SOURCE MATERIAL:
╭──
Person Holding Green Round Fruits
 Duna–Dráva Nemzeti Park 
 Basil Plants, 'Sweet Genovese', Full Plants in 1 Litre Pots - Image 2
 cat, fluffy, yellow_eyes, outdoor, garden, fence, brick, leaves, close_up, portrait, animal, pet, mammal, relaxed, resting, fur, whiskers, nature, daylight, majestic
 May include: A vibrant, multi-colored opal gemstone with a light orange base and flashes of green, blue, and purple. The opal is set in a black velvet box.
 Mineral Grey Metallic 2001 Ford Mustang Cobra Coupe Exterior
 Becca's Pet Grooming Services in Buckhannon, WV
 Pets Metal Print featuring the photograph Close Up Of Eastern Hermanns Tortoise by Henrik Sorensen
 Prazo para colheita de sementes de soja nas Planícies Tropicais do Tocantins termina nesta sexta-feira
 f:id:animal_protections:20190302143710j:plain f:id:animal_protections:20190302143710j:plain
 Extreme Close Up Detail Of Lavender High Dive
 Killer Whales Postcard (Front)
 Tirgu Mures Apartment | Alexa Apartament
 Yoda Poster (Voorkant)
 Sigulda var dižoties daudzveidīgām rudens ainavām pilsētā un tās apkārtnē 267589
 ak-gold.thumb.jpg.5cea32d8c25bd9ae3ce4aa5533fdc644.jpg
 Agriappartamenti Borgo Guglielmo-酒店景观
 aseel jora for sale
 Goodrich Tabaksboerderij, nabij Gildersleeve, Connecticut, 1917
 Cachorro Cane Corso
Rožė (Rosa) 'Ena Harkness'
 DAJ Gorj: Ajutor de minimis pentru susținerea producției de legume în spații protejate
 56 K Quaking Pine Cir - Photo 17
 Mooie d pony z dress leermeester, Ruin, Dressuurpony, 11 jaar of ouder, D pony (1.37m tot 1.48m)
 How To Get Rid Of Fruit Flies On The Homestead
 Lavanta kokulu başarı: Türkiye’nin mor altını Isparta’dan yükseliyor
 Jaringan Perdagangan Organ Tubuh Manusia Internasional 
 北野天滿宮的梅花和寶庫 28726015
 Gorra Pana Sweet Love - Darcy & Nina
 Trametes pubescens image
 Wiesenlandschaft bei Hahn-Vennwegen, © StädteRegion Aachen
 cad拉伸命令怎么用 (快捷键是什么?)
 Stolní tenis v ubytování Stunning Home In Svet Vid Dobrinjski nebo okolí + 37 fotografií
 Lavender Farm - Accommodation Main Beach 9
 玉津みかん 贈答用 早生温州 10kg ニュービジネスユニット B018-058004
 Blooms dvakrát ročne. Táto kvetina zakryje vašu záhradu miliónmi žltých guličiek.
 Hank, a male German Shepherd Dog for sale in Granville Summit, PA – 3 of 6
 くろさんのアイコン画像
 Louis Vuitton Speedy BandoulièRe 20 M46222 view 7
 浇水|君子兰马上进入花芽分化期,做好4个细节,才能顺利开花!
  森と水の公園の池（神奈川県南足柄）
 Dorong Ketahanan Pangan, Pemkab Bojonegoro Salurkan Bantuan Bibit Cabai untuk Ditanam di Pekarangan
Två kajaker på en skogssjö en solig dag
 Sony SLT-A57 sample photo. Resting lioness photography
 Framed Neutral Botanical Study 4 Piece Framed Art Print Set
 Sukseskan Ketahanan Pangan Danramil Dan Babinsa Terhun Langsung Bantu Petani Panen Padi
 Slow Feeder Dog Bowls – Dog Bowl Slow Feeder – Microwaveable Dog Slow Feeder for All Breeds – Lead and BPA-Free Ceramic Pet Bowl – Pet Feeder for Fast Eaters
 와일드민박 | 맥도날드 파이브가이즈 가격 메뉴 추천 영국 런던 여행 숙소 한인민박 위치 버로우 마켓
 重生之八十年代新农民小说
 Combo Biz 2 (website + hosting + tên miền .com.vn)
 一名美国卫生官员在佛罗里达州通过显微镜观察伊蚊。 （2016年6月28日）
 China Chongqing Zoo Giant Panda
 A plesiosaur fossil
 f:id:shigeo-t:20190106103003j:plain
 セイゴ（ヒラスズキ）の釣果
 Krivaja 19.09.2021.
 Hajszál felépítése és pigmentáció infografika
╰──
YOUR ASSIGNMENT: Pick out and copy the lines of the entries that hold the string "sale".

RESPONSE:
 aseel jora for sale
 Hank, a male German Shepherd Dog for sale in Granville Summit, PA – 3 of 6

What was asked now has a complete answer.